Question

If an AC main supply is given to be $220V$, the average emf during a positive half cycle will be
$\begin{aligned} & A)198V \\\ & B)220V \\\ & C)240V \\\ & D)220\sqrt{2}V \\\ \end{aligned}$

Answer 1

Average voltage during a positive cycle can be defined as the average of instantaneous values along the time axis for the positive half cycle. We must know that average voltage is proportional to the maximum applied voltage. Maximum voltage is given as $\sqrt{2}$ times the rms voltage. The voltage in supply lines is usually rms voltage.

Formula used:
${{V}_{avg}}=\dfrac{2}{\pi }{{V}_{\max }}$

Complete step-by-step answer:
We know that the magnitude of voltage through an AC main supply is usually rms voltage. If we need to find the maximum voltage during a half cycle, we must multiply the incoming rms voltage with $\sqrt{2}$ . i.e.
${{V}_{\max }}=\sqrt{2}{{V}_{rms}}$
Here, ${{V}_{rms}}$ is given as $220V$ , so the maximum amplitude of the voltage in the positive half cycle will be,
${{V}_{\max }}=\sqrt{2}\times 220=220\sqrt{2}V$
If we represent one full cycle of an AC voltage, it will be like,

Now, the average velocity of an AC voltage supply during its positive cycle is directly proportional to the peak value which we had already found. That is,
$\begin{aligned} & {{V}_{avg}}=\dfrac{2}{\pi }{{V}_{\max }} \\\ & {{V}_{avg}}=\dfrac{2}{3.14}\times 220\sqrt{2}\approx 198V \\\ \end{aligned}$
Therefore, we have found the average voltage of an AC mains during the positive half cycle, which is having $220V$ input voltage to be $198V$ .
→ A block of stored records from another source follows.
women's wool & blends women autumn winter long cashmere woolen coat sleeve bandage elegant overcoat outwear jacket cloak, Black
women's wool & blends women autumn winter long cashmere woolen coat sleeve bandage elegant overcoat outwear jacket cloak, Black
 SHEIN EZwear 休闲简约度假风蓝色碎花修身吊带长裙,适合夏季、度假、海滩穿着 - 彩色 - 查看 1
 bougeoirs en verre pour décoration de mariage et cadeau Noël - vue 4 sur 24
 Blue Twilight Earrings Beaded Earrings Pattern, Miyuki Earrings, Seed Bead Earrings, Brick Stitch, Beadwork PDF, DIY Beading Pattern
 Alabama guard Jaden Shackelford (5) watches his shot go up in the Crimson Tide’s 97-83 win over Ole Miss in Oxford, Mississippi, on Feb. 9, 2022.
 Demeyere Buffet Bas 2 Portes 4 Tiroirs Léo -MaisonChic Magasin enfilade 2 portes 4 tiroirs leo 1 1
So, the correct answer is “Option A”.

Note: We can solve this question easily by multiplying the given input voltage, which is ${{V}_{rms}}$ with 0.9. This constant is obtained from the expression ${{V}_{avg}}=\dfrac{2}{\pi }.\sqrt{2}{{V}_{rms}}$ . We will take out the constant and evaluate them. i.e. $k=\dfrac{2}{\pi }.\sqrt{2}\approx 0.9$ . So it will be very easy for us to find the average velocity if input velocity is given in the question.